The previous worst post-war manager was Don Howe who took over from the sacked Terry Butcher in January 1992. Don, whose managerial exploits never lived up to his record as Bertie Mee's number 2 at Arsenal when they won the 'double' in 1971, won only three games out of 19 as City hurtled down the league table. On the last day of the season the Sky Blues looked down and out as they trailed 2-0 at Villa Park only for already relegated Notts County to have a second half rally and condemn Luton to the drop. If Slade's cup results, two wins and a draw in the Checkatrade Trophy, are added into his record he overtakes Howe's win ratio for all games!

                                                                    Don Howe

By Monday Mark Robins was back at the club – only the fourth City manager to have two stints in the chair, the others being Harry Storer, Billy Frith and Bobby Gould. His previous stint saw him lift the Sky Blues from 23rd place in League One to 8th place when he departed five months later. Under his stewardship the team won 13 out of 25 league games and four out of eight cup games – with a win ratio of over 50% - the highest by any City manager. Only one other manager has won more than 50% of games – Jesse Carver in his short spell in the autumn of 1955 when he led the team to 14 wins in 27 games before disappearing to Italy to manage Lazio.
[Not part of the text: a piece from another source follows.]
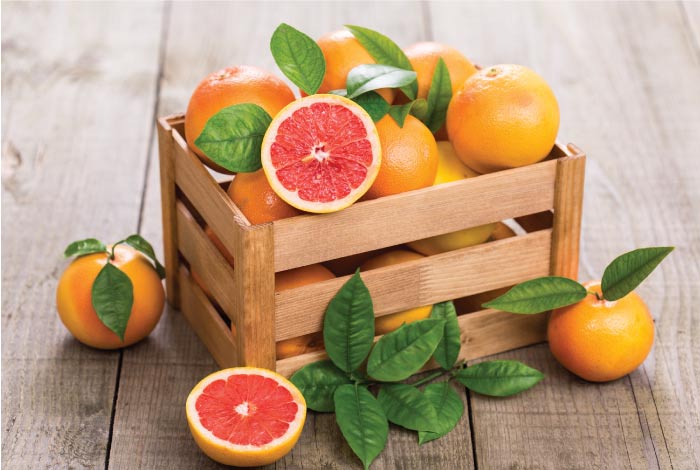 <a href="https://valleypackinginc.com/valley-packing-citrus">Citrus</a> supplier in california united states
Robins is full-time manager number 42 in the 91 seasons since the club arrived in the league in 1919 – an average of just over two seasons per manager. The average tenure of our managers has been falling however and Robins is the 15th in the 16 seasons since we left the Premier League- an average of virtually one season per manager, and that excludes caretakers. In that time only one, Chris Coleman, has lasted more than 100 league games.

Robins is the fourth man in charge this season after Mowbray, Venus and Slade but it's not the most in one season. In 2012-13 Andy Thorn started the season as boss but was sacked after four games, Richard Shaw & Lee Carsley took over as caretakers but failed to win a league game, before Robins arrived. When Robins was lured away by Huddersfield in February Carsley was caretaker again until manager number five, Steven Pressley, arrived from Falkirk.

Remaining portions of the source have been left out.